At last! The quest to play the top 100 courses in England has resumed post-Covid lockdown.
Thus, fizz flowed from the balcony of the Blackmoor clubhouse.
Not that it was meant to but the leg of my pal, who has recently had a hip replacement, gave way as he stood up after lunch, prompting him to fall backwards and tip up the entire table of Diet Cokes etc of lady members at an adjacent table.
Fortunately, Blackmoor maintained its reputation as an exceptionally friendly club, with the onlookers more concerned with my pal’s welfare than their deposited refreshments.
It was an over-exciting end to a splendid pre-match meal during which we had garnered concern at the way in which group after group had seen shots into the 18th green fall back down its slope.
Four hours later when we made the same approach, we proved that the repeated viewings had taught us precisely nothing as we repeated what we had seen.
Anyway, I am glad to say my pal, scarred on one hip and now bruised on the other, managed to play full part enjoying this cracking course with another mate and me.
Blackmoor, designed by the genius Harry Colt, is not long but can be devilish – particularly its intricate green complexes which need to be mastered for good scores to be posted.
Considering the lack of rain over recent weeks, it was in prime condition. The greens may have been tricky but were smooth and the fairways in better shape than I had expected for the end of April.
On a benign day, good tee shots brought opportunities but second shots required pinpoint accuracy and those whose eyes became a bit too wide with excitement usually paid for their greed by seeing the ball slide off greens into testing bunkers or worse.

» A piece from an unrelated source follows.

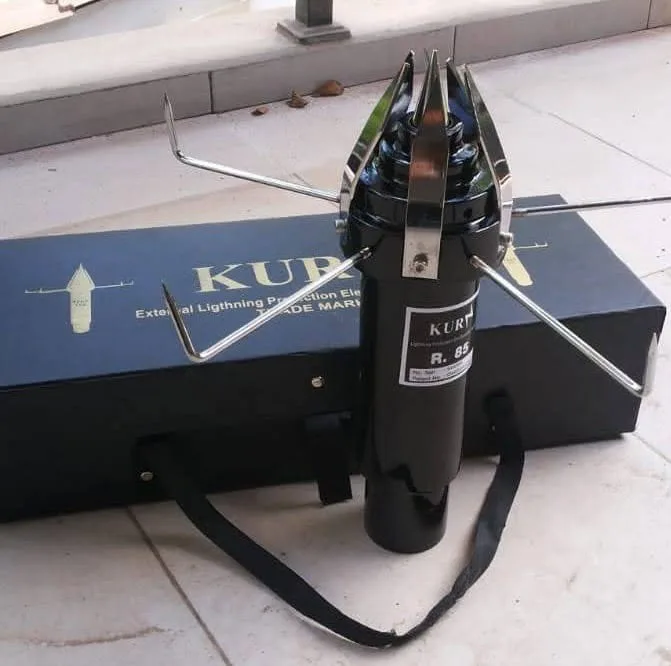 penangkal petir elektrostatis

The holes which demand most care are the par threes.
The sixth must be one of the most demanding stroke-index 15s in the country – almost 200 yards up a steepish hill to a layered green. I took driver and came up short while my compardres found their balls slipping down the slopes on either side.
The ninth is another belting short hole, demanding a tee-shot which is guided over heather, between trees, around bunkers and on to another undulating green. Not one which I conquered.
The toughest and most fun par four, in my opinion, was the fifth which requires a straight, long tee shot before a sharp turn right and mid-iron over a bush into the narrow entrance of a green which has heather on either side.
Find the latter and I can testify that there is no way of chipping near to the flag.
Because we were playing springtime, we did not find Blackmoor’s purple stuff at its most fiendish.
I suspect that in a couple of months, the course might be a much more difficult proposition.
That’s not to say, we defeated it but we did have most enjoyable and very competitive rounds.
Indeed, thankfully, the day’s only debacle came on the clubhouse balcony.